Opinion filed August 27, 1981.

*782Verlin R. F. Meinz, of State. Appellate Defender’s Office, of Ottawa, for appellant.

Edward F. Petka, State’s Attorney, of Joliet (John X. Breslin and Rita F. Kennedy, both of State’s Attorneys Appellate Service Commission, of counsel), for the People.

Mr. JUSTICE HEIPLE

delivered the opinion of the court:

The defendant, Ronald E. Ferguson, appeals from his conviction for burglary following a bench trial in the Circuit Court of Will County. He subsequently received a 5-year term of imprisonment. Several issues are presented for review. The Appellate Defender’s Office, who originally represented the defendant on this appeal but which withdrew its representation after filing a brief on behalf of the defendant, raises three issues: (1) whether all post-trial orders must be vacated and this cause remanded because the defendant’s appointed attorney labored under a conflict of interest; (2) whether the circuit court erred in sentencing the defendant to consecutive sentences; and (3) whether the court’s alleged prejudice deprived the defendant of his right to a sentencing hearing before a neutral and impartial judge. The defendant also presents several issues raised within a cornucopia of pro se briefs, letters, and motions which are the subject of two pending motions to strike. Although the defendant appears to have violated Supreme Court Rule 343 by failing to file his pro se briefs within the prescribed order and times, given the vagaries of prison life and the State’s adequate response to most of the issues presented, we deny the State’s motions to strike and thus consider the issues raised in the defendant’s pro se brief: whether the State proved corporate existence of the owner of the burglarized premises; whether the State offered perjured testimony against the defendant; and whether the State improperly suppressed allegedly exculpatory evidence seized from the defendant at the time of his arrest. We affirm both the conviction and sentence.

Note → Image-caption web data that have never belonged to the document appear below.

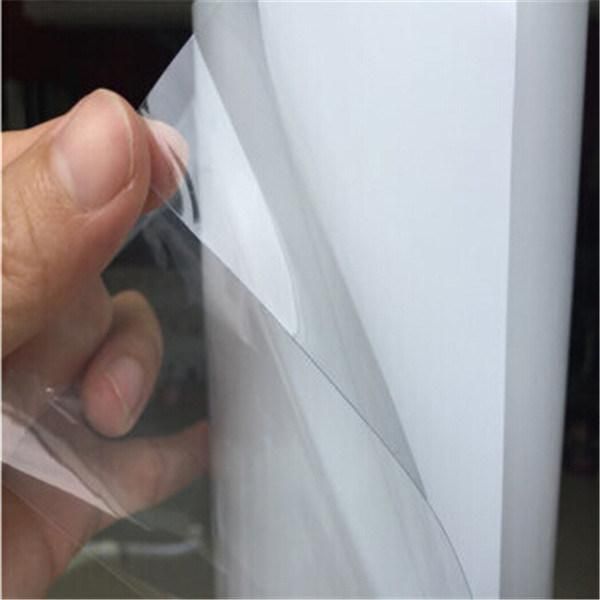 Korea Quality Best Price Coating Tph Ppf Film for Car Paint Protection Film with Size in 1.52*15m Roll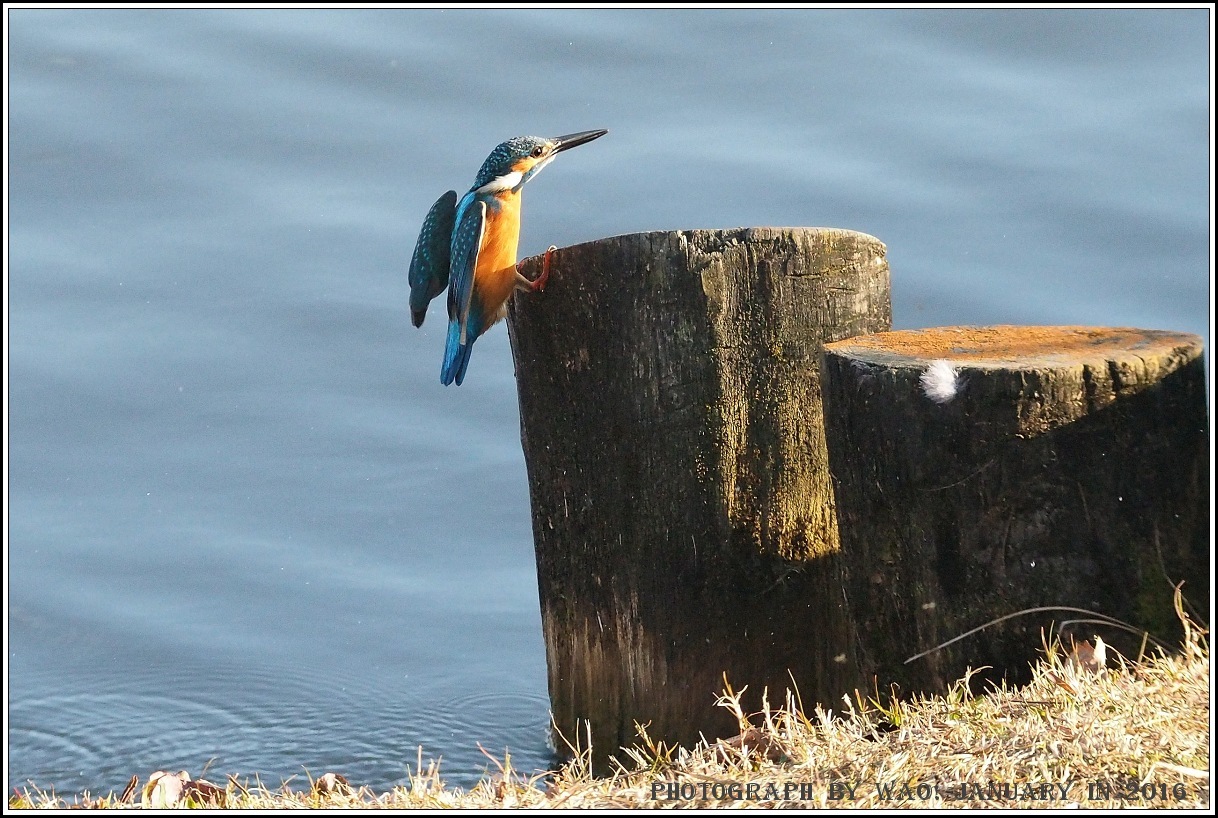 公園のカワセミ－１_c0198669_22401680.jpg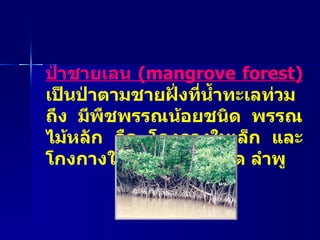 ป่าชายเลน  ( mangrove forest)   เป็นป่าตามชายฝั่งที่น้ำทะเลท่วมถึง มีพืชพรรณน้อยชนิด พรรณไม้หลัก คือ โกงกางใบเล็ก และโกงกางใบใหญ่ แสม ฝาด ลำพู 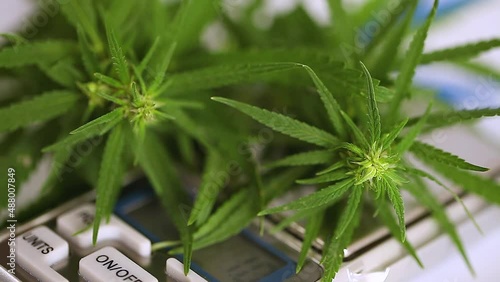 Cannabis and scales close up, drug deal, weighed on the scales, medical cannabis
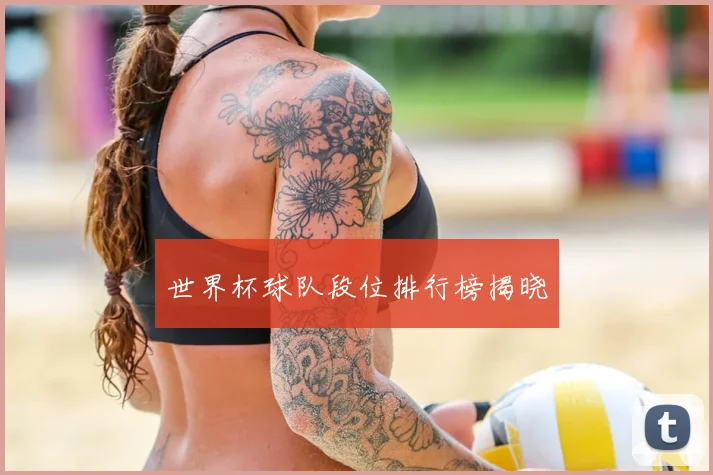 世界杯球队段位排行榜揭晓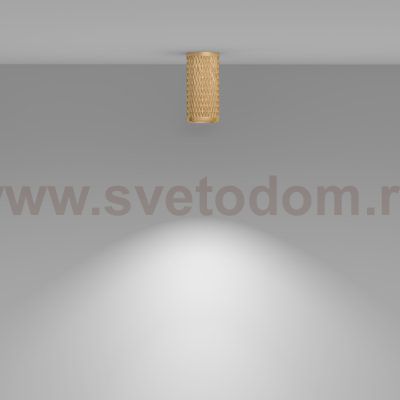 Потолочный светильник Maytoni C036CL-01G Focus Design
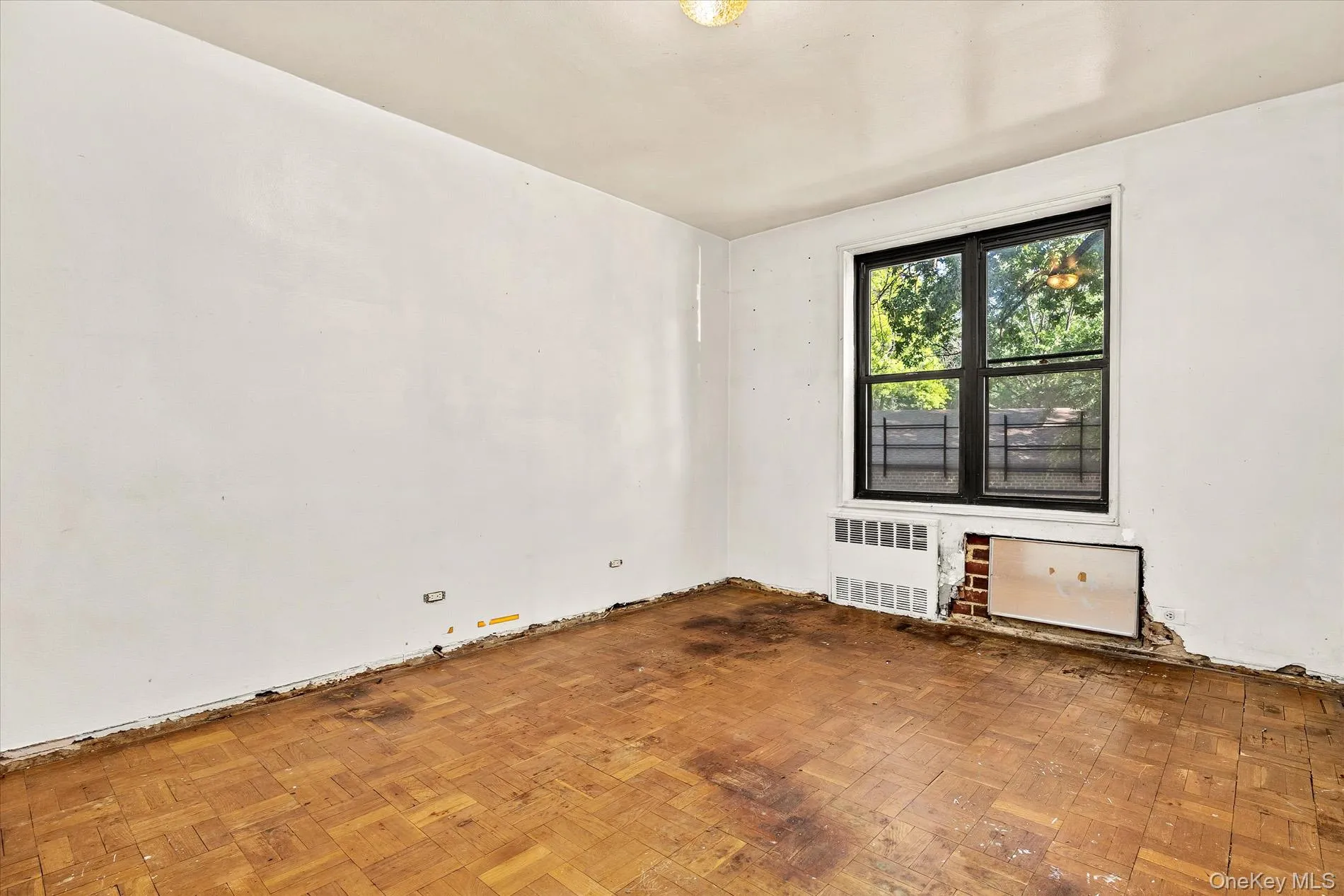 80-35 Springfield Blvd, New York, NY, 2 Bedrooms Bedrooms, 3 Rooms Rooms,2 BathroomsBathrooms,Residential,For Rent,Springfield Blvd,0,1032987 80-35 Springfield Blvd, New York, NY, 2 Bedrooms Bedrooms, 3 Rooms Rooms,2 BathroomsBathrooms,Residential,For Rent,Springfield Blvd,0,1032987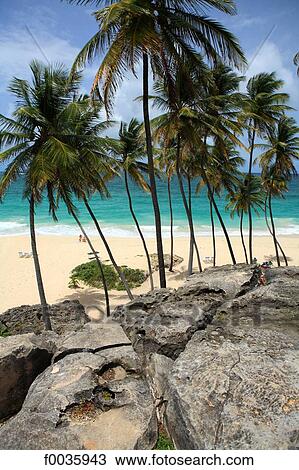 Barbados, Bottom Bay View Large Photo Image Stock Image - Barbados, Bottom Bay. Fotosearch
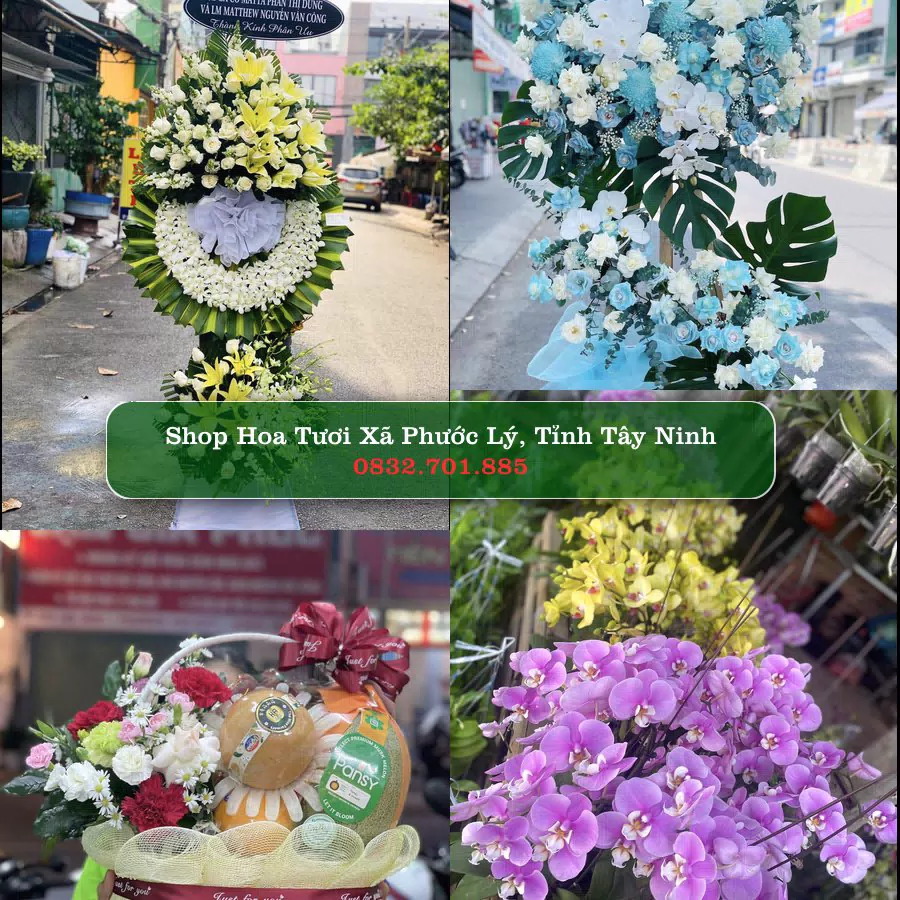 Shop Hoa Tươi Xã Phước Lý - Tỉnh Tây Ninh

The first evidence presented by the State in its case in chief consisted of the stipulated testimony of Officer Robert Briney. On February 12, 1980, at approximately 9 p.m., Briney received a call alerting him to a *783reported burglary at the Joliet Motel 6. While responding, he heard radio bulletins describing the suspect as a black male in his early 20’s wearing a beige or green jacket. The bulletin also announced that the suspect was fleeing the scene on 4th Avenue. Arriving at 4th Avenue, the officer saw a person fitting the broadcast description running down the street. Briney stopped the suspect, handcuffed him, and placed him in the patrol car. The suspect, the defendant, was then brought three blocks to the Motel 6, where he was identified by Mark Warnick, the motel security guard, as the person he saw carrying a television set from one of the motel rooms. During the booking process, and without questioning by the officer, the defendant voluntarily said he would plead guilty to burglary if police found his fingerprints in the motel.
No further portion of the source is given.